Flidas fails to boot

2 réponses [Dernière contribution]
amenex
Hors ligne
A rejoint: 01/03/2015

After a few attempts to run simultaneous nmap scans that produced several
core dumps, my formerly reliable Trisquel_8 will not boot, stopping
with a blinking "-" in the upper left hand corner of the screen.

Forced at last to learn something about "Recovery Mode" I consulted the
Ubuntu Wiki on the subject of Recovery Mode and found these hints:

From the Recovery Mode menu, choose "Drop to root shell prompt."
Execute mount -o remount rw/ followed by mount --all

Realizing that the above steps may have something to do with one of the
lines of text that flashed across the screen during the startup of the
Recovery Mode process:
Failed to create static drive nodes in /dev
So the Ubuntu Wiki's instructions make some sense.

Upon Selecting "Continue boot process" in Recovery Mode, I now see the
blinking "-" in the upper left hand corner of the screen, accompanied
by series of colorful raster lines scrolling up the screen and nothing
more.

Delving further into the matter, I discovered that [Fn + SysRq] gives
me a login prompt, and that the login accepts my credentials, but that
attempts to use sudo produce this admonishment:
sudo: /usr/bin/sudo must be owned by uid 0 and have the setuid bit set

That statement is one I had only seen once before after the aforementioned
core dumps.

In Recovery Mode, enabling networking gives access to nothing more than
127.0.0.1 and localhost; all other destinations are unreachable.

George Langford

Magic Banana

I am a member!

I am a translator!

Hors ligne
A rejoint: 07/24/2010

Flidas' support ends next month: upgrade to Etiona!

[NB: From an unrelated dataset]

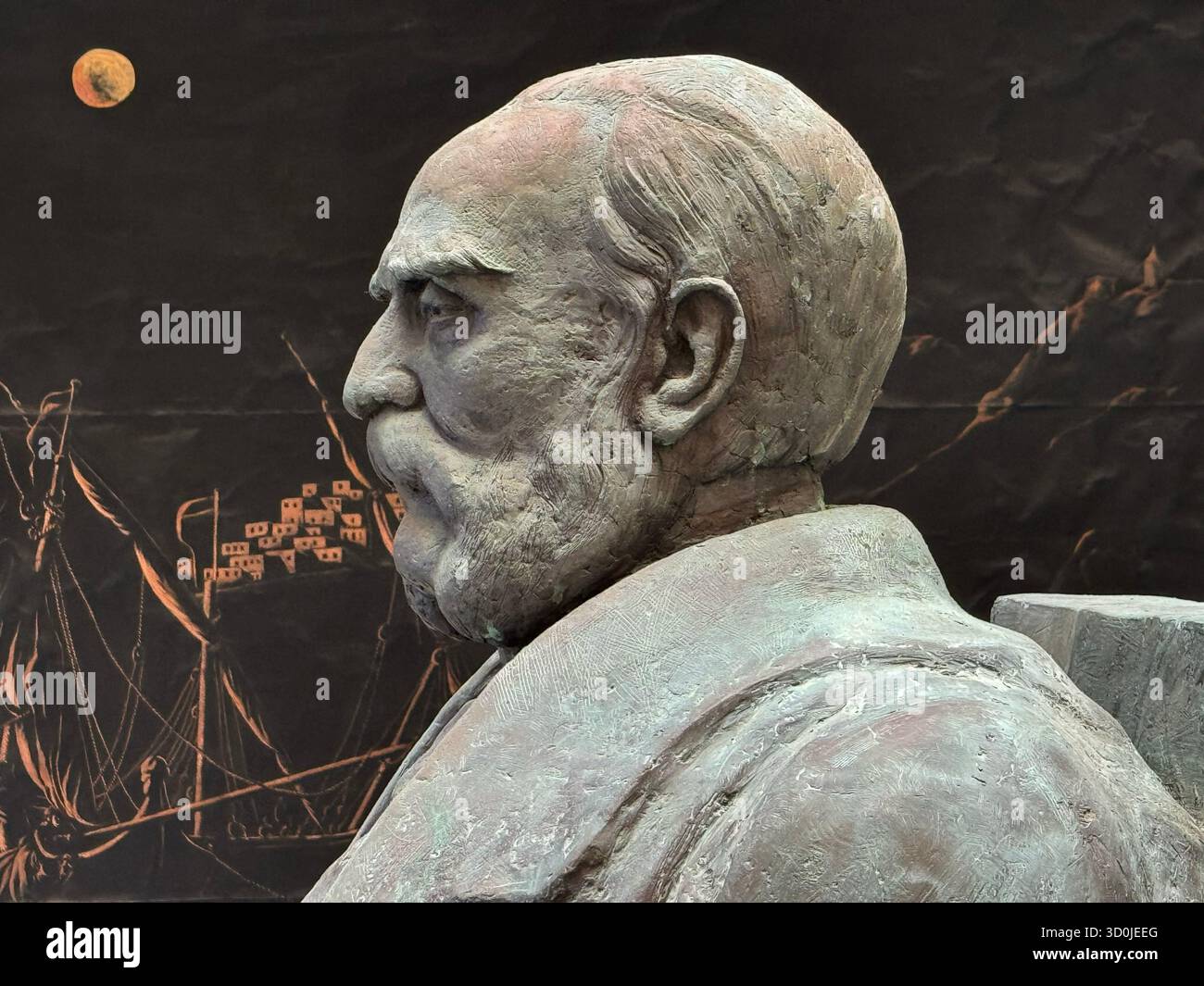 Statua di Dimitrios Vafiadakis, ex sindaco all'interno del municipio della città di Ermoupoli - Isola di Syros, Isole Cicladi, Grecia Foto Stock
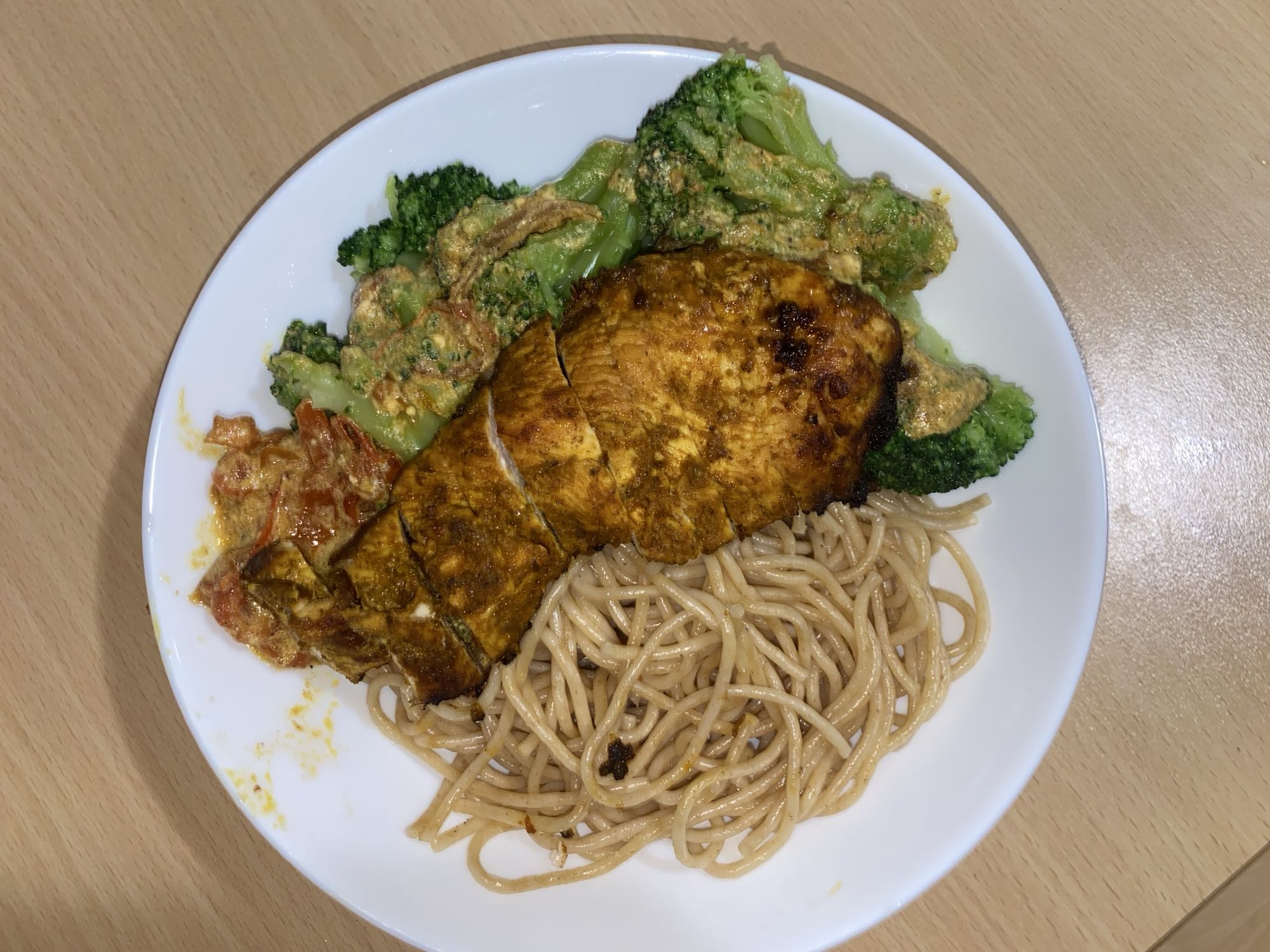 Poulet curry avec pâtes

First of all, backup the user data from a live system. Then from that same live system, if you do not want a fresh install, try to 'chroot' in the installed system. https://help.ubuntu.com/community/Grub2/Installing#via_ChRoot describes the process in too many details: you probably use neither software RAID, nor LVM, nor bcache, etc. From the chroot environment, you should be able to upgrade to Etiona with 'sudo do-release-upgrade' or, if it does not work, with 'sudo do-release-upgrade -d' or even 'sudo sed -i s/flidas/etiona/ /etc/apt/sources.list && sudo apt update && sudo apt full-upgrade'.

amenex
Hors ligne
A rejoint: 01/03/2015

First, the bad news: Flidas is going into exile next month.
Second, the good news: Flidas had been my dependable rock operating system, but I've just
found out why Etiona had been freezing at the worst moments: I'd been running two nmap
scans at once, e.g. nmap -v -A -Pn 94.23.177.235 in Terminal 1; and
nmap -v -A 148.251.69.139 in Terminal 2

That's a bad move, as conflicts occur between the two scripts, leading to core dumps in
the present context in Flidas, and freezes of the Etiona operating system.

Freezes do not occur in Etiona when running just one of the aforementioned nmap scripts
at a time; and I've learned the hard way to save any open file before commencing _any_
script that I've written.

That makes Flidas redundant on this computer.